Back when I was a pollster, I would explain that following the daily polls was like watching a heavy rainfall on the surface of a river. There's a lot of action and noise and splashing around, but nothing that gives you a real sense of where the river is going. For that, you must look beneath the surface where the current keeps moving steadily onward and the storm is barely noticed.
The same logic applies to the state of American politics today. It's easy to get caught up in the sound and fury of the daily news cycle, but that tells us more about our dysfunctional political system than it does about the future of our nation. When you look a little deeper and explore the currents of American society, you quickly discover that most people are moving steadily onward with their daily lives and barely notice the political storms.

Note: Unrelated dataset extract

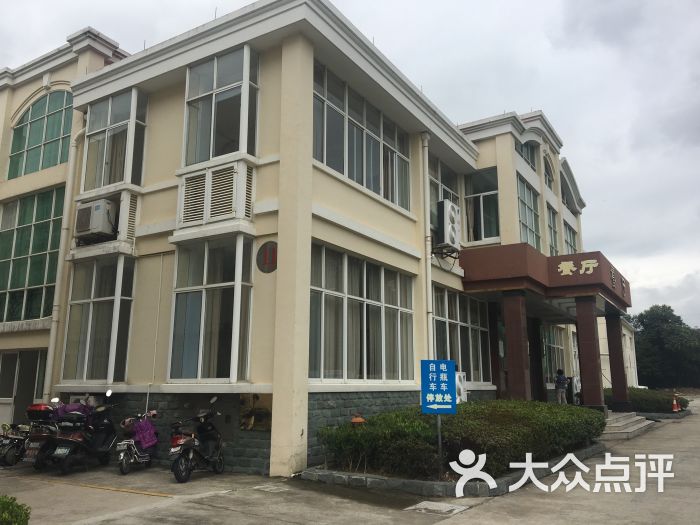 中国人民解放军第四一三医院图片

Sure, most have an opinion about Donald Trump or Barack Obama or the latest political obsession, but it's not the driving force in their lives. Instead, they are focused on family, jobs, faith, community and doing what they can to make their world a little bit better. To the degree most think about politics at all, the vast majority start with a belief that they have the freedom to live their own life on their own terms and that everybody else has the equal right to do the same. When politics is needed at all, most Americans believe in the self-governing ideal that the people are supposed to be in charge.
These are America's founding values and they are deeply embedded in American society and culture. It's true, of course, that our nation has never perfectly lived up to these ideals. But the deep currents of American society have been consistently flowing in the direction of freedom, equality, and self-governance since before the nation was even founded.
And, from the very beginning, there have been political elites who rejected those ideals. At the Constitutional Convention, Connecticut delegate Roger Sherman thought the people should have "as little to do as may be about the government." Alexander Hamilton proposed that the United States should have an elected monarch who would rule until death or impeachment and have extensive powers. Fortunately, that idea didn't sit too well with other delegates who had just finished a war against a king with too much power.
In the early days of our nation, the biggest challenges came from slave-holders who were so outraged byour national commitment to equality that they fought a Civil War to try and leave the nation. Today, the great challenge comes from a political elite who believe that they are smarter and more fit to govern than everyday Americans.
Rather than freedom, they believe in a Regulatory State where bureaucrats write the rules for the rest of us to live by. Rather than equality, they want government officials to pick winners and losers. And, rather than self-governance, they dream of a world where bureaucrats are protected from the desires of voters.
In other words, the political elites are actively trying to divert the currents of American society away from our founding ideals. Our challenge is to make sure the river keeps flowing and wears away whatever obstacles they put in place.